Audit Committee meetings are attended as guests by the Chairman of the Board of Directors, the Chief Executive Officer, the Chief Financial Officer, the Head of Group Controlling, the Head of Internal Audit & Compliance and representatives of the external auditor. Where necessary, the Audit Committee addresses certain items on the agenda solely with representatives of the external auditor and/or internal auditing staff.

As of 31 December 2020, the Audit Committee was composed of Jörg Walther, Chairman, Urs Buchmann, member, and Ivo Wechsler, member. The Audit Committee convenes at the invitation of the Chairman as often as is required by business activities. In 2020, the Audit Committee convened four times: in February, July, September and December. The meetings lasted two hours on average. The attendance rate for the meetings was 100%.

In particular, the Audit Committee has the following main duties:

3.6 Definition of areas of responsibility

The allocation of the areas of responsibility between the Board of Directors and the Group Executive Committee is based on the law (Swiss Code of Obligations), on the company’s Articles of Association and on its Organisational Regulations.

Insofar as provision to the contrary has not been made in law, in the Articles of Association or in its Organisational Regulations, the Board of Directors delegates management of the business completely to the Group Executive Committee.

The Board of Directors is responsible for the overall management of the company, supervision and control of the Group Executive Committee. It issues guidelines for business policy and is kept regularly informed of the course of business.

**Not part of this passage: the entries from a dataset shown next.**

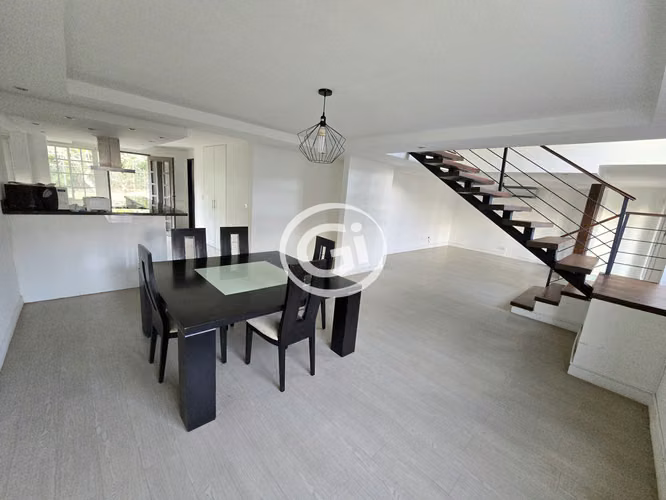 Venta Moderna Casa Unifamiliar Green Valley Albrook. Remate Bancario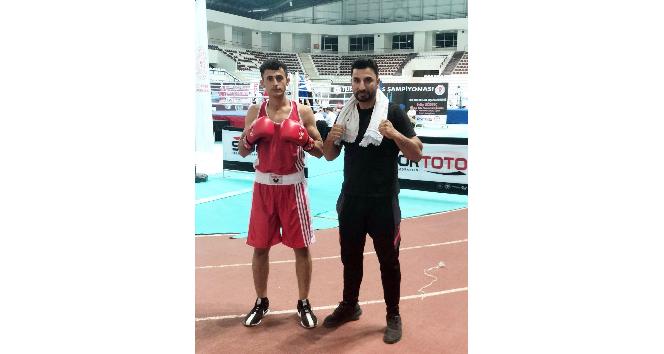 Diyarbakırlı sporcu boksta Türkiye üçüncülüğü elde etti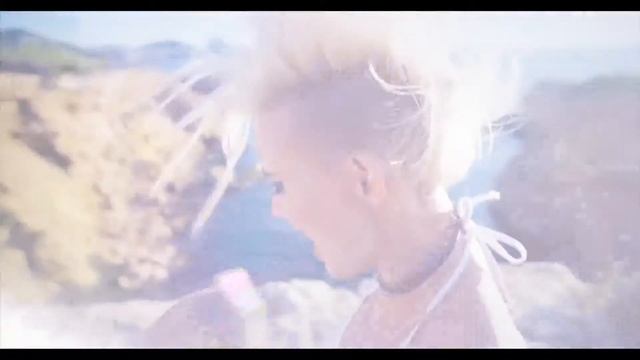 Sofi Tukker Ft Nervo, The Knocks, and Alisa Ueno - Best Friend (Clean Music Video) смотреть онлайн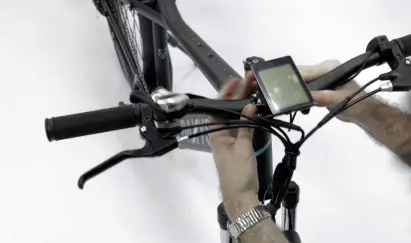 WOLF Daxys Electric Mountain Bike - b9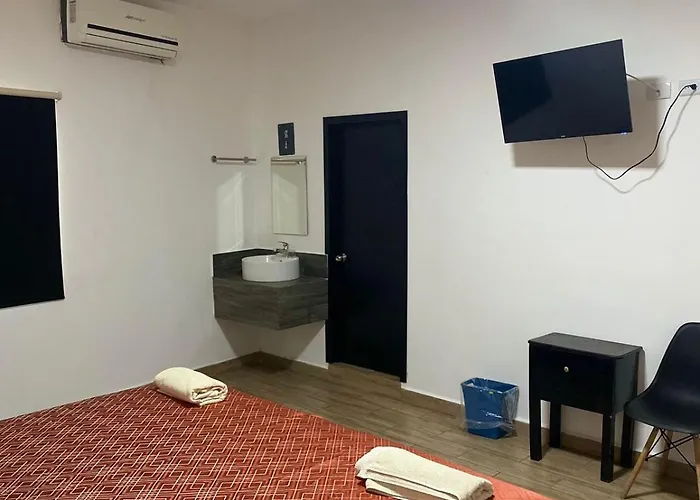 Hotel Sevilla Paraiso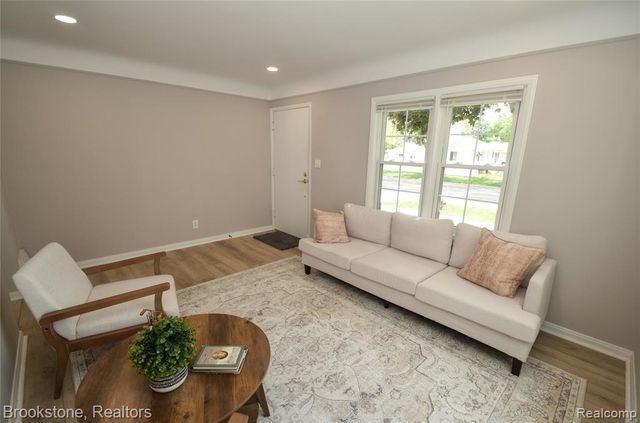 1000 S Campbell Road, Royal Oak, MI 48067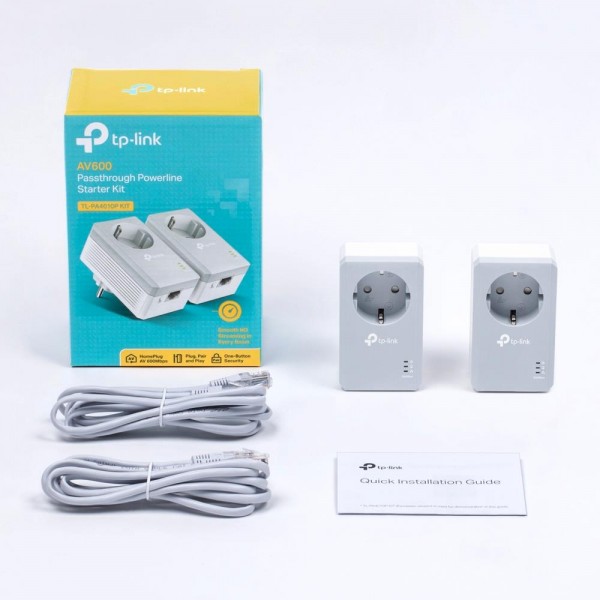 TP-Link Комплект адаптеров Powerline AV600 со встроенной розеткой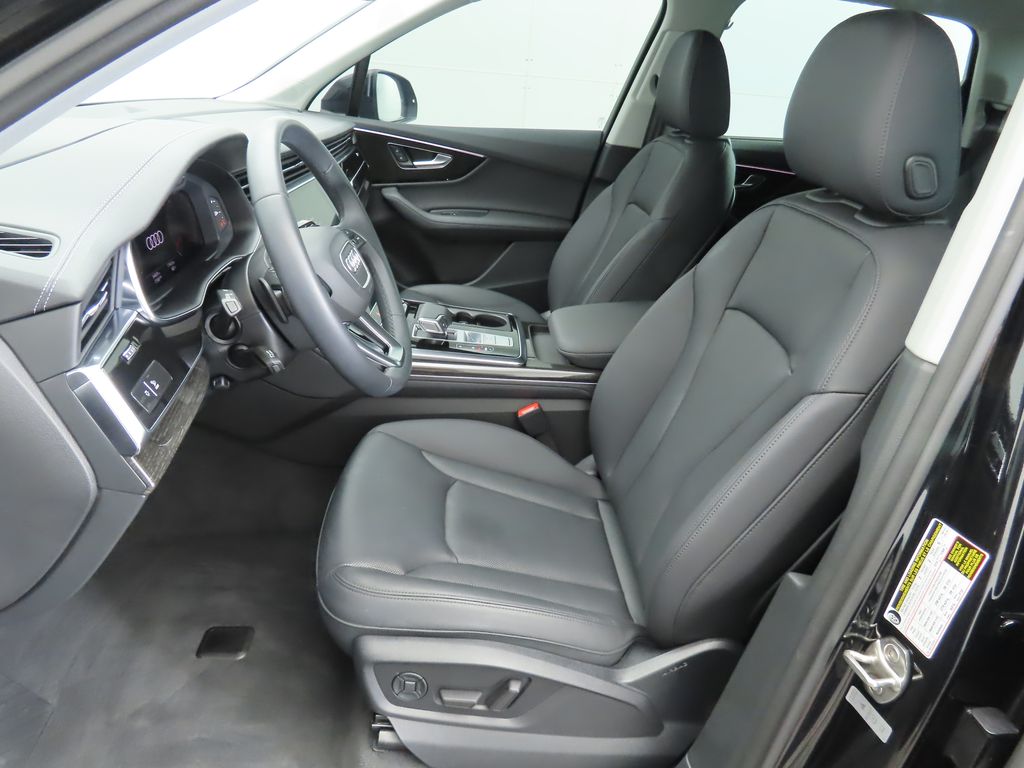 Thumbnail: 2023 Audi Q7 - 19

The Board of Directors is the supreme authority in the context of the management structure of the Group. Insofar as is permitted by law, the Board of Directors has the right of initiative, power of oversight and ultimate decision-making authority over the Group companies.

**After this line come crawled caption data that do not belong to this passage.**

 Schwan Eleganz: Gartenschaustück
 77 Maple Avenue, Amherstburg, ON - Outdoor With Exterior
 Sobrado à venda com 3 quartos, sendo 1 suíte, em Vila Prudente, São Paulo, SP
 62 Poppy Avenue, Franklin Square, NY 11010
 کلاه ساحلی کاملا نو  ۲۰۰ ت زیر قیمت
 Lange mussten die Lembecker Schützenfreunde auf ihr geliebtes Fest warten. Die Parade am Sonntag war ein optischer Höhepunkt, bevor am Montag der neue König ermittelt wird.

For the Articles of Association and Organisational Regulations, please refer to our website www.zehndergroup.com/en/investor-relations/corporate-governance.

3.7 Information and control instruments vis-à-vis the Group Executive Committee

As part of regular reporting practice, the Board members receive monthly reports (income statement, key figures, commentary) and quarterly reports (also expanded to include balance sheet). In addition, the Board members receive a quantified medium-term plan and a detailed budget analysis. The strategic opportunities and risks are analysed regularly and in-depth once a year, and appropriate measures decided.

Operating under the guidance of the CFO, the Zehnder Group has a structured risk management process which has been approved by the Board of Directors and systematically monitors risks to the business. In this process, strategic and operational risks are identified every year and analysed in terms of both probability of occurrence and severity, and key risks are defined. Appropriate measures for minimising and monitoring these risks are then set out. The Board of Directors reviews and approves the risk report once a year. Each member of the Group Executive Committee is responsible for implementation of the measures in his area of responsibility. The Audit Committee supports the Board of Directors in the monitoring of business risks and the assessment of measures introduced by the Group Executive Committee. The Board of Directors is informed periodically of significant changes to the risk assessment as well as being kept abreast of risk management activities that have been undertaken. The internal system for managing financial reporting defines checks and controls that reduce the corresponding risks. Compliance with internal guidelines is monitored by means of internal random checks and regular audits by external specialists.

The financial risks are monitored by the Treasury department of the Zehnder Group under the guidance of the CFO. Risk management focuses on identifying, analysing and mitigating currency, interest, liquidity and counterparty risks, in order to limit the extent to which they can impair cash flow and net profit.